第16話 原李乃失踪

 聖クルス学園の乙女として、子牛で汚れた口元をハンカチで丁寧に拭った美佐子が、軽く手を挙げた。 


「シスター逸子、私達のテーブルのお片づけを」


 食事の残りを回収する係のシスター逸子こと古田逸子(ふるた いつこ)は、もっさりとした小山のように太った女性だ。彼女は美佐子に振り向きもしない。

「シスター逸子」美佐子はやや大きな声で、繰り返す。


 シスター逸子は耳が悪い。だから二度も美佐子に呼ばれたのに無反応で、夏姫のベッドよりも大きなカートに、食事のあまりを乗っけている。


「シスター、美佐子先輩がお呼びなのよ!」

 苛立った違うテーブルの級友が指示が飛ぶ。それでようやく振り向いたシスター逸子は、あの阿る表情になりのそのそと近寄る。

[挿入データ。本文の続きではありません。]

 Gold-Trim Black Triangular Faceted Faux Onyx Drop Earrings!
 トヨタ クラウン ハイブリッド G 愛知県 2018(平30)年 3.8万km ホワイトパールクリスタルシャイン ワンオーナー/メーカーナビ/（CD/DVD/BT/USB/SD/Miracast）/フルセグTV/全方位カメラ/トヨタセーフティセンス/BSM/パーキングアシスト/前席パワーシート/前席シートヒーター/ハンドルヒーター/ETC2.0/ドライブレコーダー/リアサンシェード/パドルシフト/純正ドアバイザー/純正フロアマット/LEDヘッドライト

「全く、愚図なんだから」再び級友、くすくすと辺りの少女達がシスター逸子を嘲け笑う。

 美佐子が少し眉根を寄せたから、夏姫は感動する。


 ──さすがお優しい美佐子お姉様。シスター逸子に同情しているのだわ。


 今更だが彼女と親しい自分に優越感を覚えた。と、同時に不安が胸中にむくむくと立ち上がる。


 ──でも私……一人で寝る時には縫いぐるみを抱いている青春前のお子様だわ、それを知られたら幻滅されてしまうかしら? やっばり、ゆっこを抱いて寝るのはそろそろ辞めようかな?


 呑気な夏姫の裏で、事件は起こっていた。


 食事休憩が終わって五時限目になっても、原李乃が姿を現さない。

 ジョギングしてきたとかでジャージ姿の有紗は、


「どうせ気まぐれのサボりだろ? あのお嬢様は」と嫌味を言うが、折りも折りだ、クラスの皆は不安な目を見合わせる。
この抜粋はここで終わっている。